From: kazutomo <kazutomo.yoshii@gmail.com>
To: Jacob Pan <jacob.jun.pan@linux.intel.com>,
Linux PM <linux-pm@vger.kernel.org>,
LKML <linux-kernel@vger.kernel.org>
Cc: Rafael Wysocki <rafael.j.wysocki@intel.com>,
Srinivas Pandruvada <srinivas.pandruvada@linux.intel.com>,
Len Brown <len.brown@intel.com>
Subject: Re: [PATCH] powercap/rapl: handle domain energy unit
Date: Wed, 11 Mar 2015 16:25:52 -0500 [thread overview]
Message-ID: <5500B2E0.9000107@gmail.com> (raw)
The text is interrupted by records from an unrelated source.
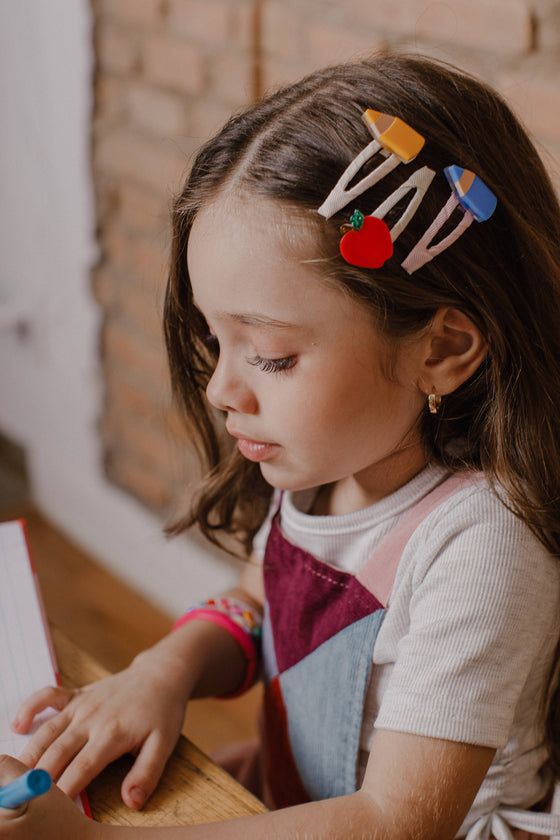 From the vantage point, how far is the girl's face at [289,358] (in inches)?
24.4

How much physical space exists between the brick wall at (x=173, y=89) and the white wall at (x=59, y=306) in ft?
0.15

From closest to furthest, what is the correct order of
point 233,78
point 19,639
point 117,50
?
1. point 19,639
2. point 233,78
3. point 117,50

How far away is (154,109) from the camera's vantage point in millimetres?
1627

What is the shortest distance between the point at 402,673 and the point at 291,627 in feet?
0.67

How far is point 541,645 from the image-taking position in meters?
0.68

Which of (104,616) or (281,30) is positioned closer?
(281,30)

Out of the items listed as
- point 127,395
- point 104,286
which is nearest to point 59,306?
point 104,286

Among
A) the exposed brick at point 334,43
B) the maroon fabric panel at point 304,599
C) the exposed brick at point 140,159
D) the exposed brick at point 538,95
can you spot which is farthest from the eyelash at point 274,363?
the exposed brick at point 140,159

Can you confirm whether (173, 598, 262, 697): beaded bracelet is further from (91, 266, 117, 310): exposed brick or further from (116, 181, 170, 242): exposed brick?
(91, 266, 117, 310): exposed brick

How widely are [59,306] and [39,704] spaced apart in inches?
57.3

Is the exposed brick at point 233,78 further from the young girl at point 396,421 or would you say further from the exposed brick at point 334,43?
the young girl at point 396,421

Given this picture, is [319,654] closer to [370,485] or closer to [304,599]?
[304,599]

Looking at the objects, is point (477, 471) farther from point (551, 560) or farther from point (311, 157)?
point (311, 157)

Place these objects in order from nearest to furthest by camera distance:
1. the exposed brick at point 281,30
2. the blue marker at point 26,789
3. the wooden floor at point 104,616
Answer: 1. the blue marker at point 26,789
2. the exposed brick at point 281,30
3. the wooden floor at point 104,616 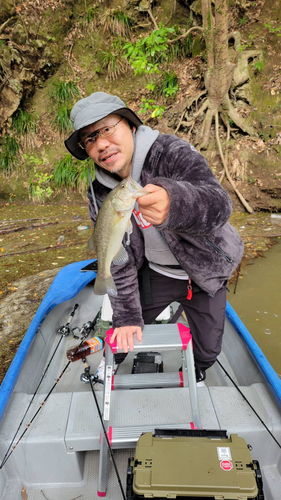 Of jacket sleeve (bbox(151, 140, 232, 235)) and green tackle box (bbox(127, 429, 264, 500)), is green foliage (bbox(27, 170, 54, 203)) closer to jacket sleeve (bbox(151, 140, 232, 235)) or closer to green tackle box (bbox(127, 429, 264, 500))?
jacket sleeve (bbox(151, 140, 232, 235))

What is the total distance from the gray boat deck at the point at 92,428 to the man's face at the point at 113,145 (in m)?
1.69

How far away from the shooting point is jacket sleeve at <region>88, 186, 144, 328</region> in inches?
97.8

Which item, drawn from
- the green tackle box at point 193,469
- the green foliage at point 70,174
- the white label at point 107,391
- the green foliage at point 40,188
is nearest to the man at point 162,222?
the white label at point 107,391

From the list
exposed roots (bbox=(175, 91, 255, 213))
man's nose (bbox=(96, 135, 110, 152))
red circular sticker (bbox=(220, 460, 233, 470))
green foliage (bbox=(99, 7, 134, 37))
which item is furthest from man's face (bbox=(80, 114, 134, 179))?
green foliage (bbox=(99, 7, 134, 37))

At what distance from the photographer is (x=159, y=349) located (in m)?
2.23

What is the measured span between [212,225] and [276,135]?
8.26 m

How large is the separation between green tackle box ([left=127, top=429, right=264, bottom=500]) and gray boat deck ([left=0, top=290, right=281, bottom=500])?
49cm

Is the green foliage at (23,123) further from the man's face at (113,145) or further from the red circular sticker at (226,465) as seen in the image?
the red circular sticker at (226,465)

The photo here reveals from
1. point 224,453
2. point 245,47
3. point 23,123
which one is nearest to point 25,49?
point 23,123

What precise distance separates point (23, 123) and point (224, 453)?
11226mm

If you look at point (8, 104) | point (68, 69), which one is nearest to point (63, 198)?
point (8, 104)

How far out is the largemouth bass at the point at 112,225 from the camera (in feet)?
4.78

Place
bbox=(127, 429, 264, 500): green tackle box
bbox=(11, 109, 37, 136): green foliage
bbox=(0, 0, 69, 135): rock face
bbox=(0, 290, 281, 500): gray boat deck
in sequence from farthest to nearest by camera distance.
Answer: bbox=(11, 109, 37, 136): green foliage, bbox=(0, 0, 69, 135): rock face, bbox=(0, 290, 281, 500): gray boat deck, bbox=(127, 429, 264, 500): green tackle box

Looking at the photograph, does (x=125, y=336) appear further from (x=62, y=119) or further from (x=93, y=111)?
(x=62, y=119) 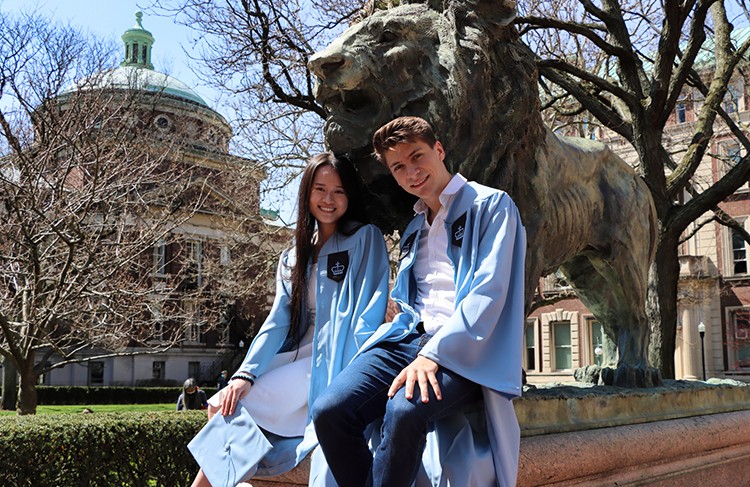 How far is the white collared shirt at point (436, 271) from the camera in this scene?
2996 millimetres

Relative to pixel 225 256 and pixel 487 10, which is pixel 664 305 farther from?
pixel 225 256

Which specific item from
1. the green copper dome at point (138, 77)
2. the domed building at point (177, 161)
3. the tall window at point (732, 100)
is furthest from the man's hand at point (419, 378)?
the tall window at point (732, 100)

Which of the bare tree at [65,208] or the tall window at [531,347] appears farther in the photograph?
the tall window at [531,347]

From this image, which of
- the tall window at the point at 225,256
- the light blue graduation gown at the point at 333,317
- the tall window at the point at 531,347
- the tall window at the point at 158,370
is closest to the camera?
the light blue graduation gown at the point at 333,317

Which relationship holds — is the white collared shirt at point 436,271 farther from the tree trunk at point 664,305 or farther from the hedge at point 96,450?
the tree trunk at point 664,305

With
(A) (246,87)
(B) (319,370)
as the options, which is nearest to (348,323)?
(B) (319,370)

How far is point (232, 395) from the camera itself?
11.0 feet

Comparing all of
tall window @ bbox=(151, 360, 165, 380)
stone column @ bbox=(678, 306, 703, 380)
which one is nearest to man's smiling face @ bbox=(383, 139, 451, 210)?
stone column @ bbox=(678, 306, 703, 380)

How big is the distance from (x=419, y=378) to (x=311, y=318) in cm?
111

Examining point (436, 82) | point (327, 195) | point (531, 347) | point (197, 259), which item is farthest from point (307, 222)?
point (531, 347)

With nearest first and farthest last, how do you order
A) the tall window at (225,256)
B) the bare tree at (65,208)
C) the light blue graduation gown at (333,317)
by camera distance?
1. the light blue graduation gown at (333,317)
2. the bare tree at (65,208)
3. the tall window at (225,256)

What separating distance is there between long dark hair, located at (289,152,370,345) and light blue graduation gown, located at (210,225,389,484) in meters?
0.05

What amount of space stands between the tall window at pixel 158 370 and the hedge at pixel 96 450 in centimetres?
3663

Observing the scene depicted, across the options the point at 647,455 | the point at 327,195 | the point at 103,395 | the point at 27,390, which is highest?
the point at 327,195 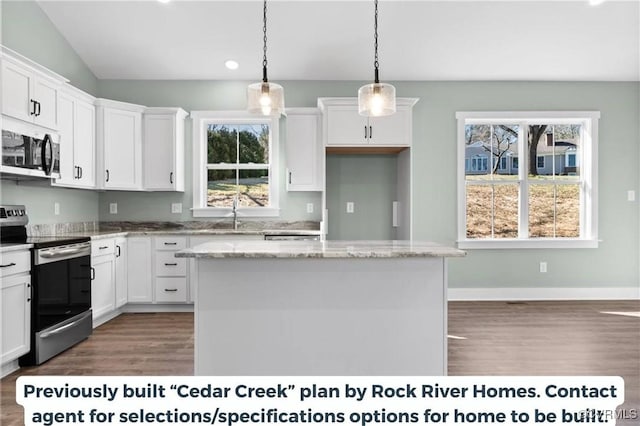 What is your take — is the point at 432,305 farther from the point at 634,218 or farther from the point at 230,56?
the point at 634,218

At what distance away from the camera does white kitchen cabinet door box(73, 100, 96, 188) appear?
419 cm

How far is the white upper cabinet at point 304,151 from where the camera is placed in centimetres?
480

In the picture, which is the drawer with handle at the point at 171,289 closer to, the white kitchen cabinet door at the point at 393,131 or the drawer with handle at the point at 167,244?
the drawer with handle at the point at 167,244

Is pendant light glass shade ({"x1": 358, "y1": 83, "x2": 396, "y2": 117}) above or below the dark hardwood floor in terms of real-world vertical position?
above

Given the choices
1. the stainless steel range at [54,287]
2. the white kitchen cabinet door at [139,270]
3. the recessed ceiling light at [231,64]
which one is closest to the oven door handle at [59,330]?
the stainless steel range at [54,287]

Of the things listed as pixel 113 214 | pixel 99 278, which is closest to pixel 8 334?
pixel 99 278

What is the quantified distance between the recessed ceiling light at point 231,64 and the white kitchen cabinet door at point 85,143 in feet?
4.98

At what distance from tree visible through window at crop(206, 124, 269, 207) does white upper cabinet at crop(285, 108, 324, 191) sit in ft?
1.54

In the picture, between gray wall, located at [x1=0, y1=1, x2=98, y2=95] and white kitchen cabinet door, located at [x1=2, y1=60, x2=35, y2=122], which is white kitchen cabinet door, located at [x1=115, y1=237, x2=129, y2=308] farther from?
gray wall, located at [x1=0, y1=1, x2=98, y2=95]

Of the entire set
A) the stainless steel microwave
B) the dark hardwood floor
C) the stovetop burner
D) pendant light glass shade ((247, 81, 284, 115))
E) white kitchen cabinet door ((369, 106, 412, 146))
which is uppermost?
white kitchen cabinet door ((369, 106, 412, 146))

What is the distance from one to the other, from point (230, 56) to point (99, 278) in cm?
273

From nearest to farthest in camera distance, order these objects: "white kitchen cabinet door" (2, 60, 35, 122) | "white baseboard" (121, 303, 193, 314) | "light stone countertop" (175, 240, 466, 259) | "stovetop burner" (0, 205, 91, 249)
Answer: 1. "light stone countertop" (175, 240, 466, 259)
2. "white kitchen cabinet door" (2, 60, 35, 122)
3. "stovetop burner" (0, 205, 91, 249)
4. "white baseboard" (121, 303, 193, 314)

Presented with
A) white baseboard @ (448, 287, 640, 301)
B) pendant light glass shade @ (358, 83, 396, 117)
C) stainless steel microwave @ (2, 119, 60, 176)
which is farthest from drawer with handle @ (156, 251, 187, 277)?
white baseboard @ (448, 287, 640, 301)

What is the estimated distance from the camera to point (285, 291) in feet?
7.67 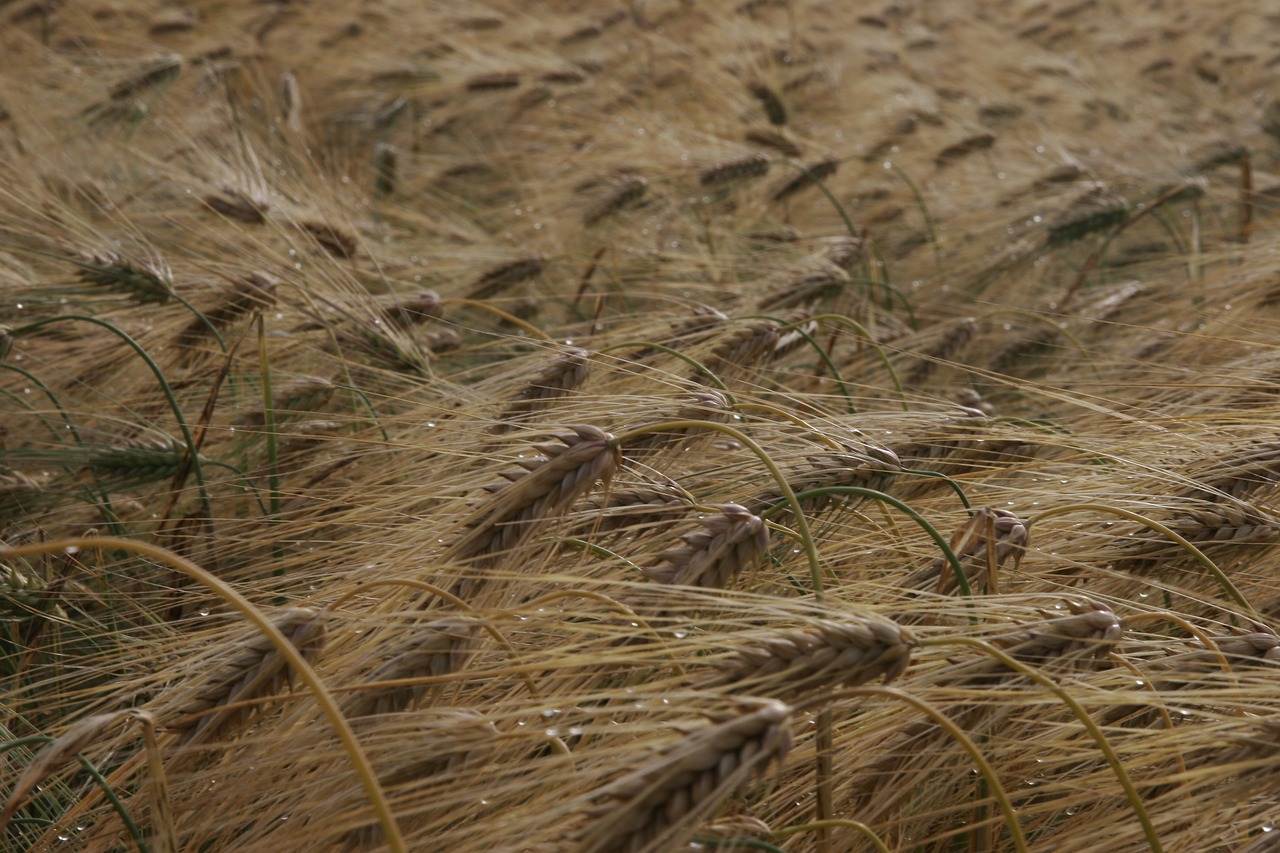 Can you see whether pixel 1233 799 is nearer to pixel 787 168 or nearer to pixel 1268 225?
pixel 787 168

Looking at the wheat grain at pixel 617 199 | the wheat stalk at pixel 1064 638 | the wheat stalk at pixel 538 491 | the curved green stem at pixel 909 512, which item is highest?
the wheat stalk at pixel 538 491

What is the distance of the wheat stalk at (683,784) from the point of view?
2.81ft

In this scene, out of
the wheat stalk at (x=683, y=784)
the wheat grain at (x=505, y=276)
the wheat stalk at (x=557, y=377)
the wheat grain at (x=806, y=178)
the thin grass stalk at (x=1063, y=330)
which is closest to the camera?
the wheat stalk at (x=683, y=784)

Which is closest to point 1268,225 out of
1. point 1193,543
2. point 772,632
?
point 1193,543

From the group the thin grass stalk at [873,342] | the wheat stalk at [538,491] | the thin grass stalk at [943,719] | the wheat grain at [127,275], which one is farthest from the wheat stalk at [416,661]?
the wheat grain at [127,275]

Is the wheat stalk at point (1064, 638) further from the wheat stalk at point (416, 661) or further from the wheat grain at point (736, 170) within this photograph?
the wheat grain at point (736, 170)

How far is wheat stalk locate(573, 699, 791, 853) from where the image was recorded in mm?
855

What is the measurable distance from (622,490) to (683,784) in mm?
507

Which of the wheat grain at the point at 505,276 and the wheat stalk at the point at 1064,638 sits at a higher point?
the wheat stalk at the point at 1064,638

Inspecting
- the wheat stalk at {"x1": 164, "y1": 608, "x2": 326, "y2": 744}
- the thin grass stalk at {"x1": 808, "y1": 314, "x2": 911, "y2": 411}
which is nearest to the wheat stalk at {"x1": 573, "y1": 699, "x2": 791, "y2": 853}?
the wheat stalk at {"x1": 164, "y1": 608, "x2": 326, "y2": 744}

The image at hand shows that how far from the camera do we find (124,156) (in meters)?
3.36

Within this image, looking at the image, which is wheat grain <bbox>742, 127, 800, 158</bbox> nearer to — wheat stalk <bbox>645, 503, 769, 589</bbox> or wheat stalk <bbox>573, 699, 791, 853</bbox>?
wheat stalk <bbox>645, 503, 769, 589</bbox>

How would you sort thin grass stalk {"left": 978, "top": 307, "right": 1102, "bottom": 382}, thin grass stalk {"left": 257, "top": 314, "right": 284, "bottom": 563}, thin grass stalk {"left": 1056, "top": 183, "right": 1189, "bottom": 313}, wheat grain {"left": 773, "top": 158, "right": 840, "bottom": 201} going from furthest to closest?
wheat grain {"left": 773, "top": 158, "right": 840, "bottom": 201}, thin grass stalk {"left": 1056, "top": 183, "right": 1189, "bottom": 313}, thin grass stalk {"left": 978, "top": 307, "right": 1102, "bottom": 382}, thin grass stalk {"left": 257, "top": 314, "right": 284, "bottom": 563}

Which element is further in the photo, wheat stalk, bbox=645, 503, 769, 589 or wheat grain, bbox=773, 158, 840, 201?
wheat grain, bbox=773, 158, 840, 201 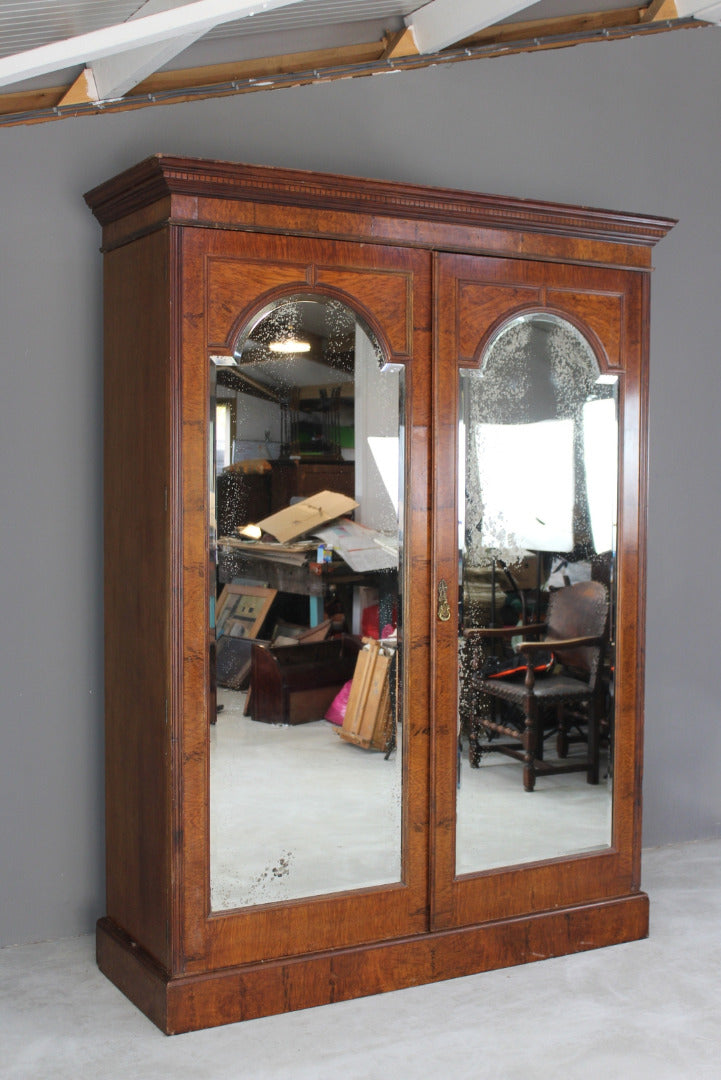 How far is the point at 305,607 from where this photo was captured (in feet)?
9.05

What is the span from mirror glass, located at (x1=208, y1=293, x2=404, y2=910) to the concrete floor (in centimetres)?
33

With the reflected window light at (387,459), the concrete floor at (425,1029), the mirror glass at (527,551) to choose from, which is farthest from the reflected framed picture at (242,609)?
the concrete floor at (425,1029)

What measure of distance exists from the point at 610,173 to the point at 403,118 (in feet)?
2.68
In-Reply-To: <1426078509-3767-1-git-send-email-jacob.jun.pan@linux.intel.com>
Hi Jacob,
Wow, this is a really pitfall for people who are writing their own RAPL
tool.
Anyway, I've tested your patch on a Haswell system (2699v3), running a
dgemm
benchmark. NOTE: userspace governor is selected. All core are set to 2.3
GHz.
No power cap is set.
# before the patch is applied
$ cd /sys/class/powercap/intel-rapl:0:0
$ cat name
dram
$ for i in 1 2 3 ; do a=`cat energy_uj` ; sleep 1 ; b=`cat energy_uj` ;
expr $b - $a ; done
16853445
16829355
16666320
# after the patch is applied
$ for i in 1 2 3 ; do a=`cat energy_uj` ; sleep 1 ; b=`cat energy_uj` ;
expr $b - $a ; done
69751487
68153897
69689816
I have a couple of questions.
1. Is it possible to retrieve the DRAM energy unit from some MSRs
*eventually* like the domain energy unit?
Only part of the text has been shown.